Activity
Exactly and only the lines from the first entry through the line with "Enamel pin inspired" should be copied, both ends included, with no pictures.

- - -

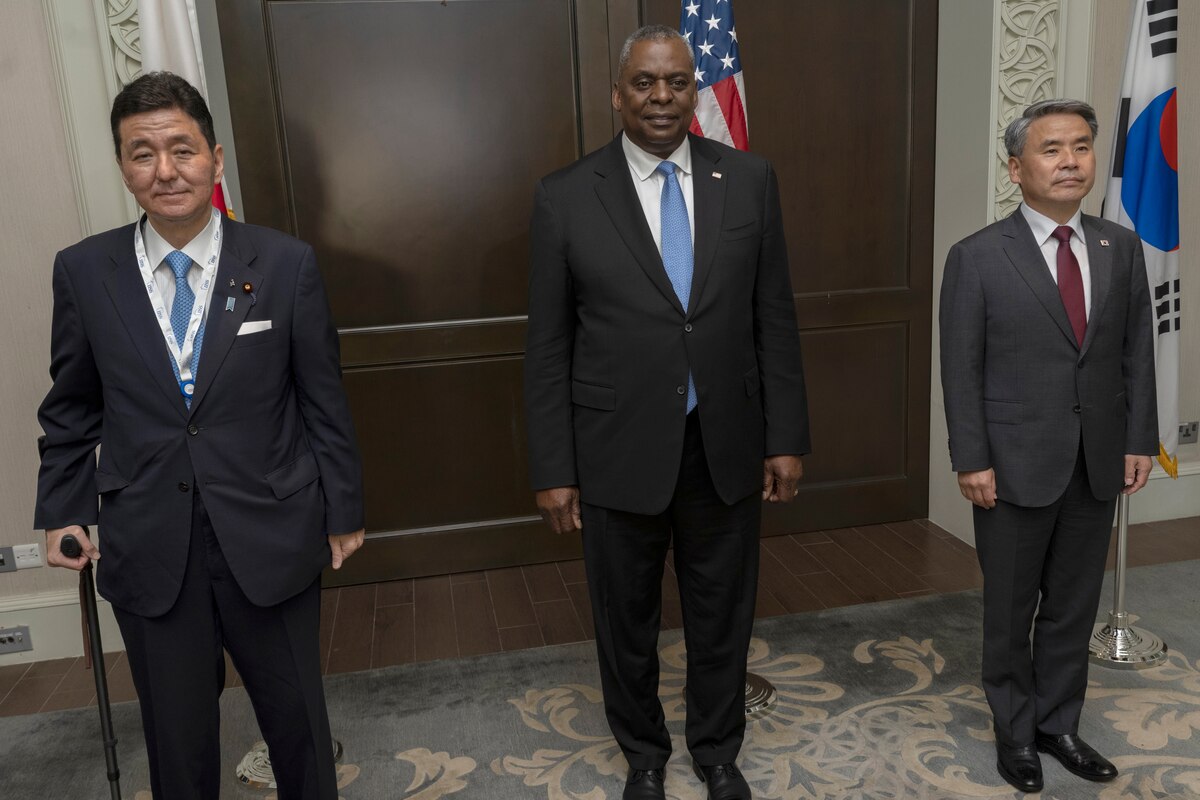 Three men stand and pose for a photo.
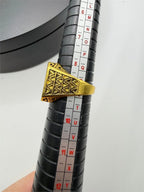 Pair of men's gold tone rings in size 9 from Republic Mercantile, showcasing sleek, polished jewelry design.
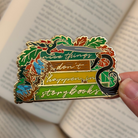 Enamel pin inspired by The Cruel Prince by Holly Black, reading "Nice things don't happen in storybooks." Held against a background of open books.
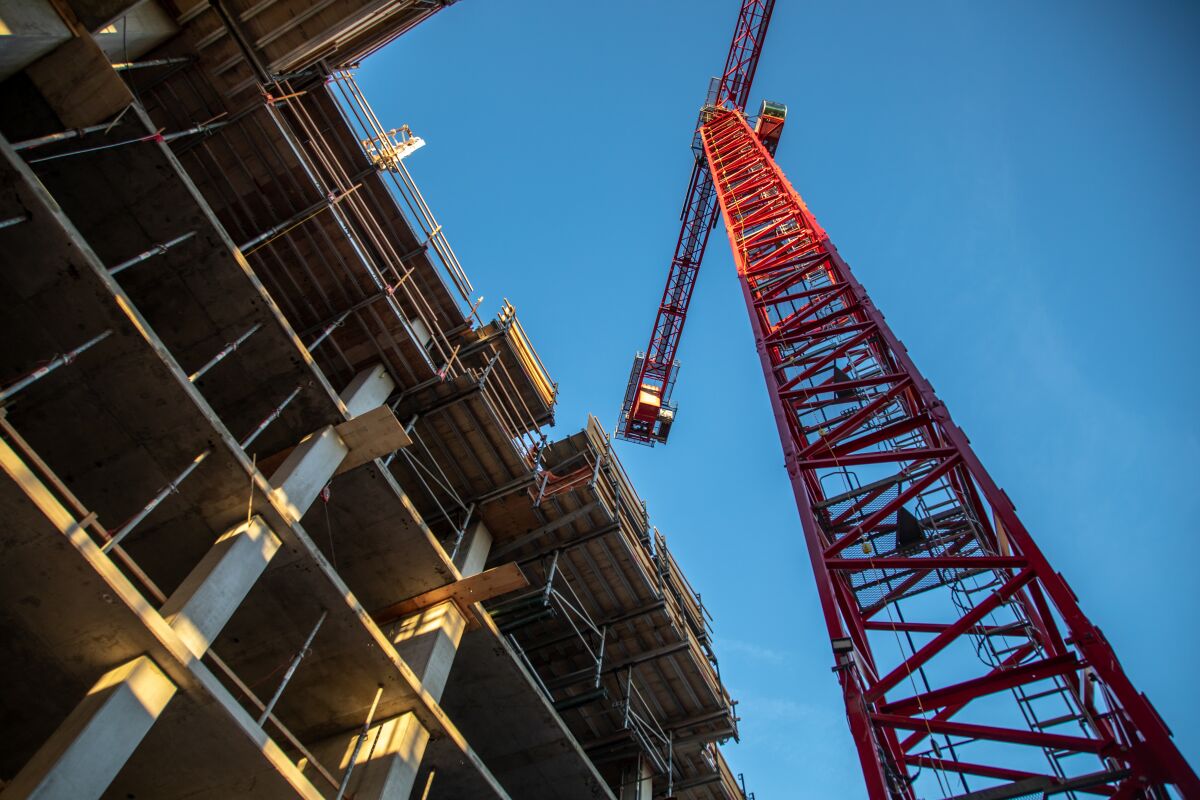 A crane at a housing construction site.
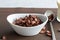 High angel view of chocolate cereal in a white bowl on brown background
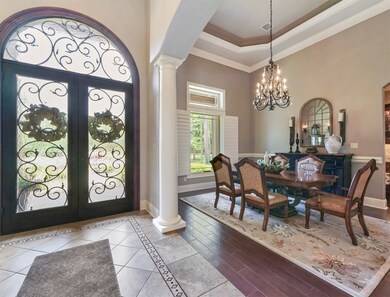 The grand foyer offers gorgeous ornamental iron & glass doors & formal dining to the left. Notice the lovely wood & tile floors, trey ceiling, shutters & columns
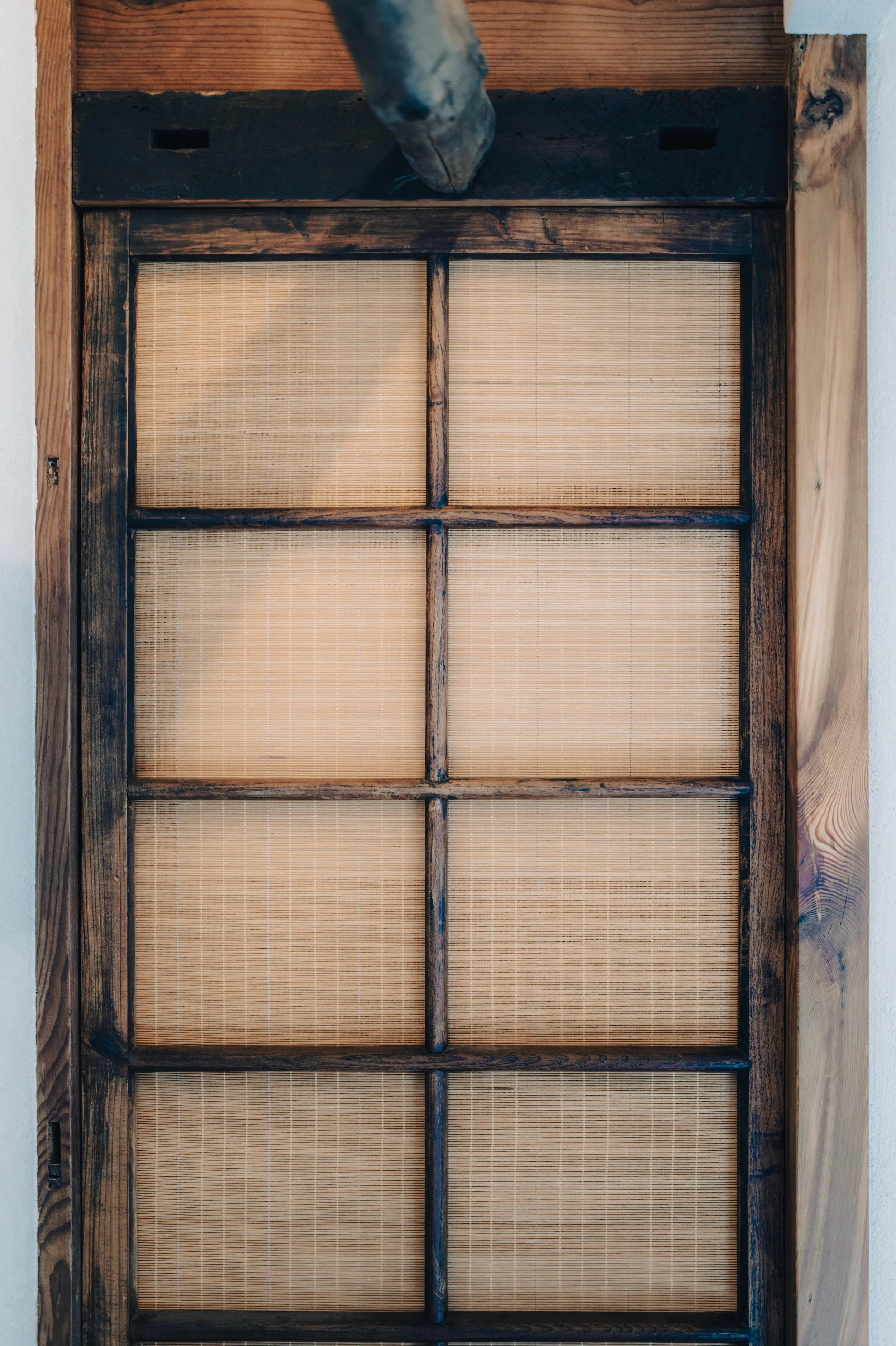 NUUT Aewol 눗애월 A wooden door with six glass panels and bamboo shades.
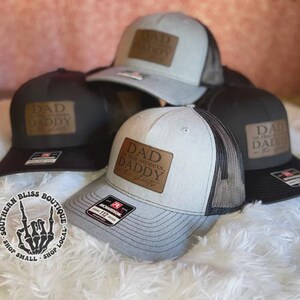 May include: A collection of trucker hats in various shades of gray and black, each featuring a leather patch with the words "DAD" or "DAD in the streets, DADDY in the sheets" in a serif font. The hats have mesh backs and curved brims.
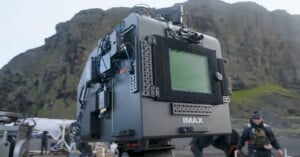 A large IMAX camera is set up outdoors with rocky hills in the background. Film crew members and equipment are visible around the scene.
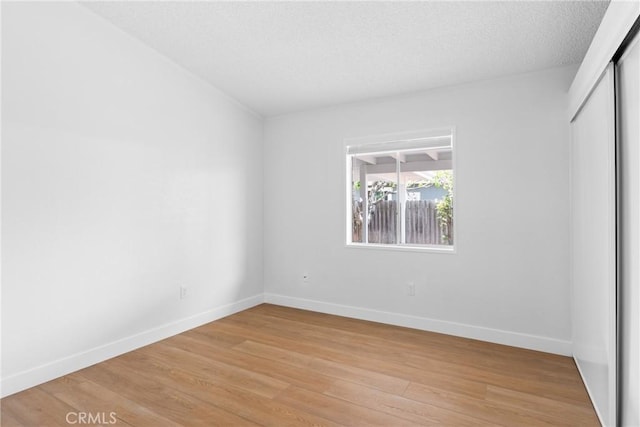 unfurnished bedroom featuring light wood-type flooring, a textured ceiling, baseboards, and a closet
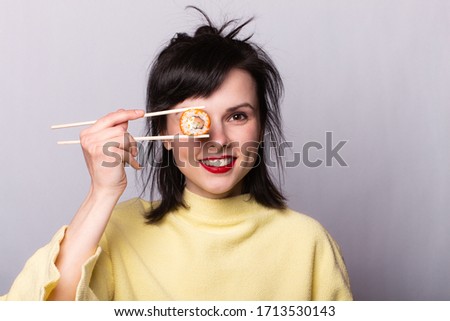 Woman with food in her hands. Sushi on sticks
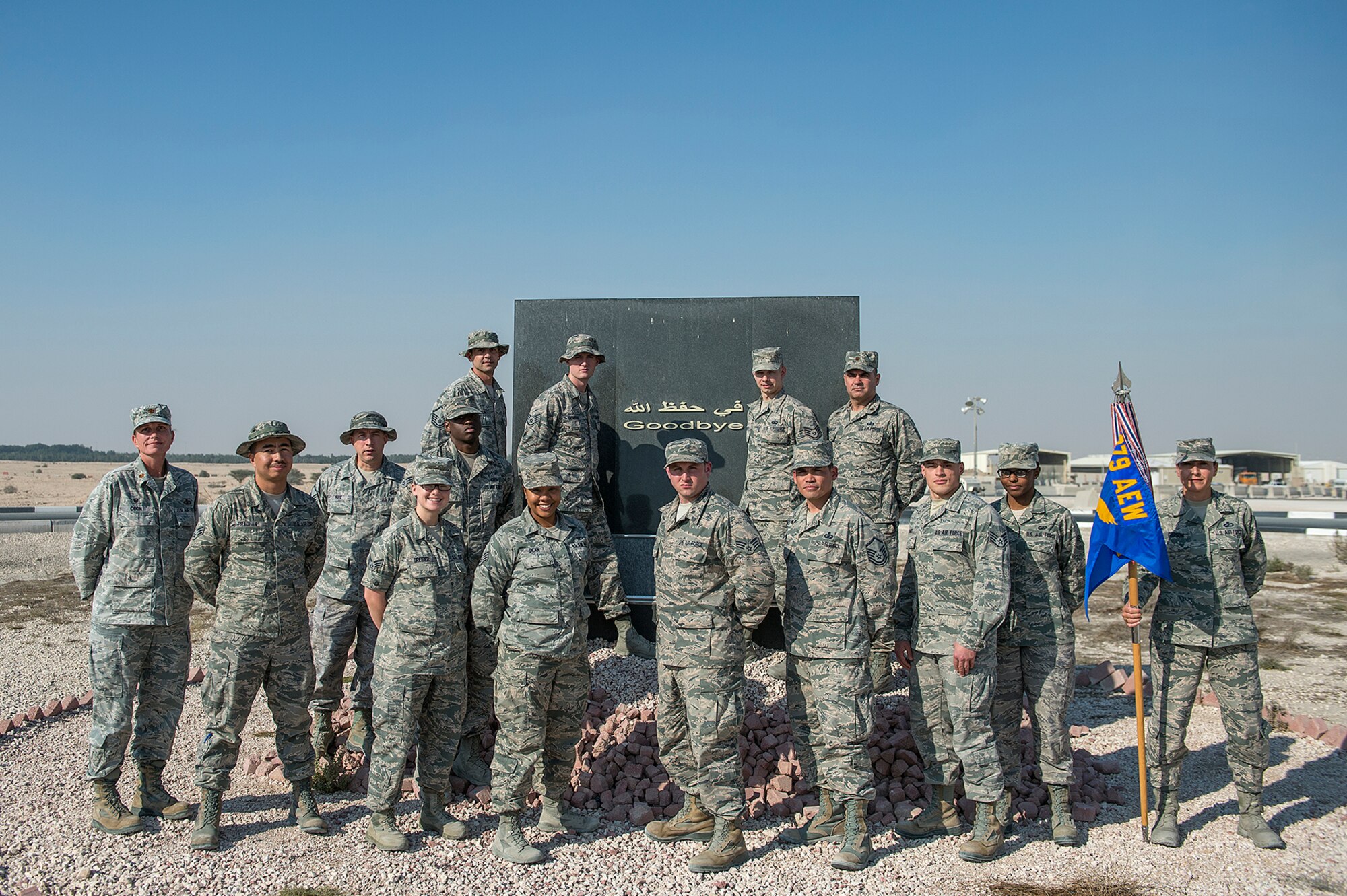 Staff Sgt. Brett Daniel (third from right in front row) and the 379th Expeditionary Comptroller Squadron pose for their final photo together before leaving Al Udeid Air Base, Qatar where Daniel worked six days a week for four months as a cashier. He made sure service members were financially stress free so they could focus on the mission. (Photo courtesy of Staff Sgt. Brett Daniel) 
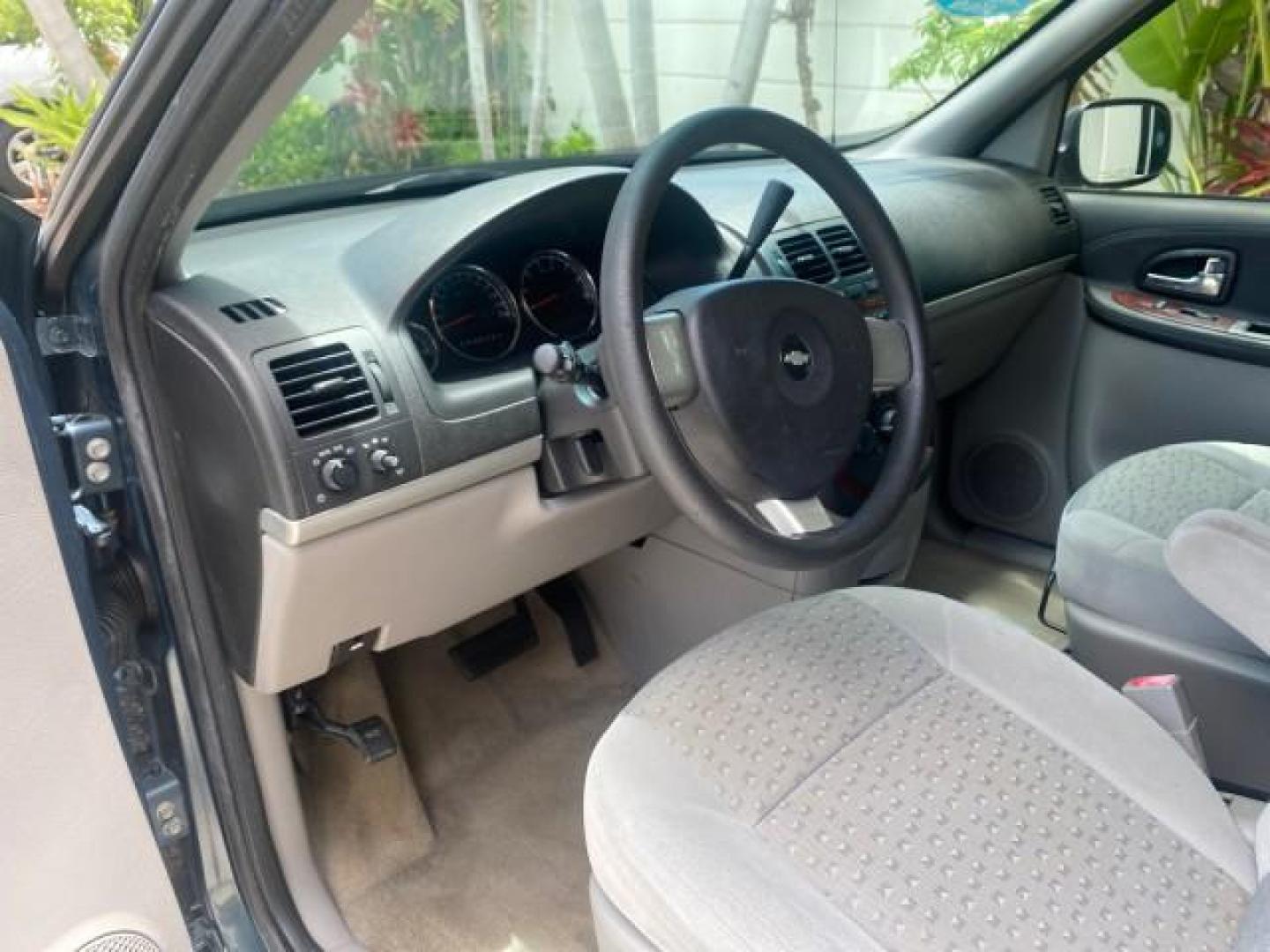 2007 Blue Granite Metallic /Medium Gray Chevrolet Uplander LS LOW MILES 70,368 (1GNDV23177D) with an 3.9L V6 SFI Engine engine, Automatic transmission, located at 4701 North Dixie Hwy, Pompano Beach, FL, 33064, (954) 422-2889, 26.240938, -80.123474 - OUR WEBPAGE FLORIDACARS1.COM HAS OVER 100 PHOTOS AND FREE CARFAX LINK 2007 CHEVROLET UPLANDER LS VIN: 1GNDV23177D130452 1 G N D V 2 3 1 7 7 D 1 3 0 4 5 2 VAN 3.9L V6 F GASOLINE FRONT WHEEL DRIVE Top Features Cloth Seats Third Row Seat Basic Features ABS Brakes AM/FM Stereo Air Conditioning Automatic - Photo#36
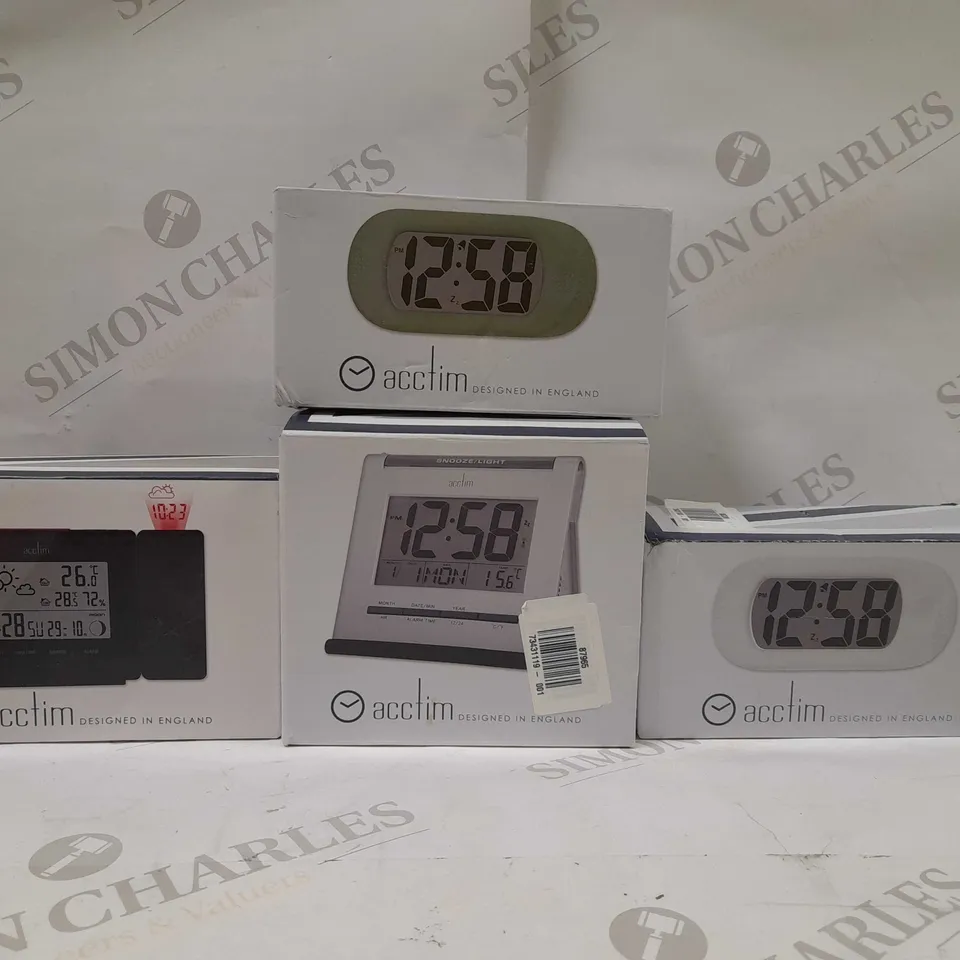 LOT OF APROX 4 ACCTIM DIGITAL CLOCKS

- - -

Response to the task
 Three men stand and pose for a photo.
 Pair of men's gold tone rings in size 9 from Republic Mercantile, showcasing sleek, polished jewelry design.
 Enamel pin inspired by The Cruel Prince by Holly Black, reading "Nice things don't happen in storybooks." Held against a background of open books.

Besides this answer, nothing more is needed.